We must be practical as we approach the comprehensive application and integration of the yamas and niyamas into our lives.
The yamas and niyamas serve as useful ideals to sincerely aspire toward and reflect upon as we begin or sustain our practice. We can use our personal challenges to any given tenant as informative and further motivation to succeed in future occasions. In time, the results will be known and serve as continual momentum to solidify our integration and appreciation of these concepts in the body and mind, through our thoughts, words and deeds.
The mutual interconnection and support of Ayurvedic self-care practices can be a wonderful and practical method of integrating the yamas and niyamas.
Initially one may make the connection to shaucha, cleanliness, regarding self-care, kriya, or daily dinacharya practices. However, one must be honest, satya, with themselves about their consistency, which relates to tapas, as well as non-violent, ahimsa, in the application of each practice.
Fundamentally practitioners are studying themselves, svadhyaya. And how their actions and choices in the external world relate to and influence their internal world. The knowledge of these practices stems from ancient wisdom carried to us through millennia of wisdom keepers.
Practitioners learn through the control of their senses and energy, brahmacharya, how to sharpen the mind and cultivate greater awareness within themselves and as they relate to the world as a whole.
The mystery of creation, ishvara pranidhana, becomes more and more apparent as this knowledge is maintained. Through the cleansing of the body, senses and balancing of the mind, spiritual insights are readily available to the dedicated Ayurvedic practitioner.

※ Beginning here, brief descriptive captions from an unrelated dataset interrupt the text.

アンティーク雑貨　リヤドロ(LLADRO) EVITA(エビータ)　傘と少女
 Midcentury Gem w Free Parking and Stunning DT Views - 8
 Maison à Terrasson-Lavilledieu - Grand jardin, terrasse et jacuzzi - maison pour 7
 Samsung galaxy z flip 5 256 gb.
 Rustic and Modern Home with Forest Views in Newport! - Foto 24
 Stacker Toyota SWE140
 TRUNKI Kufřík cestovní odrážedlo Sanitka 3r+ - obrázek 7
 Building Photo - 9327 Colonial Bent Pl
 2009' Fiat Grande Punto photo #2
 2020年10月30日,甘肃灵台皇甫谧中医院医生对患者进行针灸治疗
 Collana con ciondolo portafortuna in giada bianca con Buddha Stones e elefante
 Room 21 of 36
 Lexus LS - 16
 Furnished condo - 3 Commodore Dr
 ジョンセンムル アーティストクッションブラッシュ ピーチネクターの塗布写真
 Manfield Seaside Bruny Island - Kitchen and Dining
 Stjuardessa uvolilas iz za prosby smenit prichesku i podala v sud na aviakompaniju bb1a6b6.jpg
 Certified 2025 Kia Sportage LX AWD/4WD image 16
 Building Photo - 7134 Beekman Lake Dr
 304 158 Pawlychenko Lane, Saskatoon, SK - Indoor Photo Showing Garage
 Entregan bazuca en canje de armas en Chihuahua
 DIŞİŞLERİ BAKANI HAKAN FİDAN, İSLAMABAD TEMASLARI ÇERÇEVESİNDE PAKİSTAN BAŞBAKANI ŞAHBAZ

And this is really the greater purpose of Ayurveda as a whole. To give practitioners a path to understand the relationship between the body and mind as it relates to the world, to heal the body and mind so that spiritual pursuits are possible and successful. The foundational limbs of yoga are presented to assist practitioners in achieving wholesome results from their practice. And to bring awareness to the areas where work needs to take place. Yoga practitioners benefit from the Ayurvedic understanding of right attitude, lifestyle, and personal regimen related to their constitution. The overlapping interconnection and mutual support between the schools becomes even more apparent, easily integrated and useful when comprehensively working with them both.
We encourage you to reflect upon your relationship to the yamas and niyamas daily to begin.
Are there any that are regularly challenging or unaddressed? What components come easily? Which ones are more challenging?
Contemplate each yama and niyama individually, as a daily practice to cycle through them three times over the course of a month. Slowly begin expanding elements of each into other arenas of life and you will begin to notice the effect of these integral preliminary practices.